Nelly continues her story: the following summer, Frances gives birth to a son, Hareton Earnshaw. But Frances dies just a week later—childbirth had aggravated a case of consumption that she had long suffered from. Hindley is devastated. He hands the baby over to Nelly to care for. He turns to alcohol for comfort, and takes out his grief on the servants, Catherine, and, especially, Heathcliff. For his part, Heathcliff delights in Hindley's decline.
The "civilized" characters in the novel are often weak or sickly. Hindley's grief is excessive, which at the time was a trait associated with women. Meanwhile, Heathcliff's own desire for revenge has made him almost coldblooded—he feels no sympathy for Hindley's loss and actually delights in his pain.
Catherine remains in touch with the Lintons. When she's with them she acts like proper lady. But when with Heathcliff, she acts just as she used to.
Catherine now bridges the gap between civilization and nature...
One day when Hindley is out, Heathcliff doesn't go to the fields and instead plans to spend the day with Catherine. But Catherine admits that she's invited Edgar and Isabella to come visit. Heathcliff comments on how much time Catherine has been spending with the Lintons, she retorts that it's because he, Heathcliff, is dull and dumb. Edgar arrives just then, alone. Heathcliff storms out.
...but it isn't possible to span this gap for long without causing some sort of conflict. And Catherine chooses civilization and class over her natural connection to Heathcliff. Edgar's arrival without Isabella signals that there is a romance between him and Catherine.
Catherine then tells Nelly to leave the room, since she wants to be alone with Edgar. Nelly refuses—Hindley had told her to chaperone Catherine. Furious, Catherine slaps and pinches Nelly, and even shakes the crying Hareton. Edgar tries to step in, but Catherine boxes his ears. Shocked and defeated by Catherine's wild behavior, Edgar rushes from the house. But as he leaves he catches a glimpse of Catherine, and captured by her beauty, he returns.
Yet it becomes clear right away that the civilized Edgar can't possibly stand up to the Catherine's fierce, natural passions.

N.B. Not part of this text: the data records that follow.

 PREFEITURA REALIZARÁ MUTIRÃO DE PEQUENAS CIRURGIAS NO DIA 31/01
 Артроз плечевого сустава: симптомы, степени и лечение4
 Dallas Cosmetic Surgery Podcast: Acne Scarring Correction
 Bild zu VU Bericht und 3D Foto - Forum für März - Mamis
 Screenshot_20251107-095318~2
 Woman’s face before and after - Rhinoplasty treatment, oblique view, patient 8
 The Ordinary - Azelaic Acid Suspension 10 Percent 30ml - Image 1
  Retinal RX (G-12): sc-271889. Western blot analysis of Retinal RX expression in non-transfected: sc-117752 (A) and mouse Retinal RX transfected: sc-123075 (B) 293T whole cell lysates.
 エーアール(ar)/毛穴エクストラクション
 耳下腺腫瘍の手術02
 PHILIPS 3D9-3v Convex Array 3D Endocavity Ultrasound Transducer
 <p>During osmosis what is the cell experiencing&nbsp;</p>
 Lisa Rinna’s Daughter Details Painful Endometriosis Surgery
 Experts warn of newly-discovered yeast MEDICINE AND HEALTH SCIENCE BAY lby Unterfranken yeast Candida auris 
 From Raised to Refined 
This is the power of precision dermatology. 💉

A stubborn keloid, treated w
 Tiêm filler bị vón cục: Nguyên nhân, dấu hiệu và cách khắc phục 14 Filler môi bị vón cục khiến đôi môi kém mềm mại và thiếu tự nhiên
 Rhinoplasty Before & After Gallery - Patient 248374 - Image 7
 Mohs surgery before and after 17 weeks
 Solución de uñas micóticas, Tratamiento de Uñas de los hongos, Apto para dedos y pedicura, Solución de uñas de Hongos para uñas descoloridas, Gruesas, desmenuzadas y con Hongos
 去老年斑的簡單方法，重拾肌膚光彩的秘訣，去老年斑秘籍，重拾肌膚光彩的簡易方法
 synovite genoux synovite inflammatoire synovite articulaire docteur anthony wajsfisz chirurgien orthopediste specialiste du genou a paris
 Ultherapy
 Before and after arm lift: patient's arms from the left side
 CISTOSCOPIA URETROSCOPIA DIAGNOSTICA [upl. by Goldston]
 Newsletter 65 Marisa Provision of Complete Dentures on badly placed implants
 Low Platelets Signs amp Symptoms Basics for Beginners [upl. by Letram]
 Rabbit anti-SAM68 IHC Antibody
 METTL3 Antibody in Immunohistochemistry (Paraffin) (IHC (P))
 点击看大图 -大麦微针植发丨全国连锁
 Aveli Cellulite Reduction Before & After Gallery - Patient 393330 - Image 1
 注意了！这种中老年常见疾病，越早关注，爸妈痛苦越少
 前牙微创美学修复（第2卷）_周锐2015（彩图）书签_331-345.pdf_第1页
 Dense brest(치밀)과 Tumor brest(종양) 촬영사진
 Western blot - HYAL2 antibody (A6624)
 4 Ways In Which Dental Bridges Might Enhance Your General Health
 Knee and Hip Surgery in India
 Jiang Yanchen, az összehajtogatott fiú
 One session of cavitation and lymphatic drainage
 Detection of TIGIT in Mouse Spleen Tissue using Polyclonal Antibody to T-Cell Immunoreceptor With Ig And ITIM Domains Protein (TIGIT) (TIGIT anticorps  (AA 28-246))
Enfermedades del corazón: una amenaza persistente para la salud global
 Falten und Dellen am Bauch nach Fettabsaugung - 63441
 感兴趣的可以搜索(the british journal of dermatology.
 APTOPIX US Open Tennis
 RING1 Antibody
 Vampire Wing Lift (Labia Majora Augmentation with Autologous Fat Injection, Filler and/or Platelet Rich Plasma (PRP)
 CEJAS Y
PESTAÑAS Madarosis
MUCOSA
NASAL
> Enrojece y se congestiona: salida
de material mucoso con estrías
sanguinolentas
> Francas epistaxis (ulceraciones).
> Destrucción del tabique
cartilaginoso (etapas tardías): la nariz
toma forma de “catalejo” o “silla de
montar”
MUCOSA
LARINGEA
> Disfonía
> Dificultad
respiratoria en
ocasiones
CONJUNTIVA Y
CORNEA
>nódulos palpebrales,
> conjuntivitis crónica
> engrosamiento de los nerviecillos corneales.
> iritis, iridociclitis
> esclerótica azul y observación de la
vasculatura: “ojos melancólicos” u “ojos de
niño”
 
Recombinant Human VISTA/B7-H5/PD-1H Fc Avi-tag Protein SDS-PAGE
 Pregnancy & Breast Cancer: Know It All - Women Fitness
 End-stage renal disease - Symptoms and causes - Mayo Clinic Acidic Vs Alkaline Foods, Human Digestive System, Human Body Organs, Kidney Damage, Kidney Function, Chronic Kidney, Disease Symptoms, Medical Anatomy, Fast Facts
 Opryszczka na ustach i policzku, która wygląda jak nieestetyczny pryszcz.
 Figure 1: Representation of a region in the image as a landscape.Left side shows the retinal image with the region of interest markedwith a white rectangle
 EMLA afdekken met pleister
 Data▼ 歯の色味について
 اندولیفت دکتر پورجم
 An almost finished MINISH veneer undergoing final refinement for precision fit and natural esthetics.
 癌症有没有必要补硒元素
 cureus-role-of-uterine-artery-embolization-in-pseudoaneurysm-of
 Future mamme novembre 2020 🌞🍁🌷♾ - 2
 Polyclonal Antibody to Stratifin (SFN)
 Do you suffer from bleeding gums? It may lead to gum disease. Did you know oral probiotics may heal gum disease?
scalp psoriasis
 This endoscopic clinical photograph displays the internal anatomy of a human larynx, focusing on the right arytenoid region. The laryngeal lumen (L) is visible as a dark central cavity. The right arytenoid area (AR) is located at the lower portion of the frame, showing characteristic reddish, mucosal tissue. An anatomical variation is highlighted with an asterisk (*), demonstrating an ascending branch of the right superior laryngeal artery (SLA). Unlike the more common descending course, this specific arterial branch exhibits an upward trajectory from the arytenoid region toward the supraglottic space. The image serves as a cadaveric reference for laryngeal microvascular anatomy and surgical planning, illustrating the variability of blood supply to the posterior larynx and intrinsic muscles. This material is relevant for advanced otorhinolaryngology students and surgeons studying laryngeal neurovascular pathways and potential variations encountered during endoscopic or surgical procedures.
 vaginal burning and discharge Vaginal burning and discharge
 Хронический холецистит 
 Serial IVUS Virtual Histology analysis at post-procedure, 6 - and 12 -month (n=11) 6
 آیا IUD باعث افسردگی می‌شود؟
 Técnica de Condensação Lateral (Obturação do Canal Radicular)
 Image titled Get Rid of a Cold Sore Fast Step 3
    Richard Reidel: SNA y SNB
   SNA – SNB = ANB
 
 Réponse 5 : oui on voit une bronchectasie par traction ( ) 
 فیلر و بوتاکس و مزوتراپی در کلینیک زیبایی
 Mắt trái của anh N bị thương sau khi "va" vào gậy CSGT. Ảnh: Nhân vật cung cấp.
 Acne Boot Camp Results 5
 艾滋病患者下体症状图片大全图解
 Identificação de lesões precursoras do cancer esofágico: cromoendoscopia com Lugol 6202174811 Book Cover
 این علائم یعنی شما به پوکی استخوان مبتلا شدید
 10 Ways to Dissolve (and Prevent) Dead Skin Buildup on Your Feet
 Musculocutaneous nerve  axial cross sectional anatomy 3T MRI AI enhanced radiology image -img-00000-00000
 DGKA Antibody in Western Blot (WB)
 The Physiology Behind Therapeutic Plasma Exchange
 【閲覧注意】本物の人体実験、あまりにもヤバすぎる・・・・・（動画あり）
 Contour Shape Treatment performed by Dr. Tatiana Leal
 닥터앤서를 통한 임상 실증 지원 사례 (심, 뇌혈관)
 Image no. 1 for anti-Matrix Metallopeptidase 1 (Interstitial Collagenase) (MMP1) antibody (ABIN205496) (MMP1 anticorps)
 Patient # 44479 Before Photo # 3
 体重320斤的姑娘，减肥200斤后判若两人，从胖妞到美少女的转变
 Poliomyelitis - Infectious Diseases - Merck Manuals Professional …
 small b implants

In fact, when they are together it is Catherine who takes on the stereotypical male role of power, and Edgar who accepts the more stereotypically passive role of a woman.
Nelly leaves Catherine and Edgar alone. When she does later enter to warn them that Hindley has come home, drunk and angry as usual, she has the sense that they have professed their love for each other.
It is interesting that Edgar must make his declarations of love quietly, in private. It's hard to imagine Heathcliff doing the same.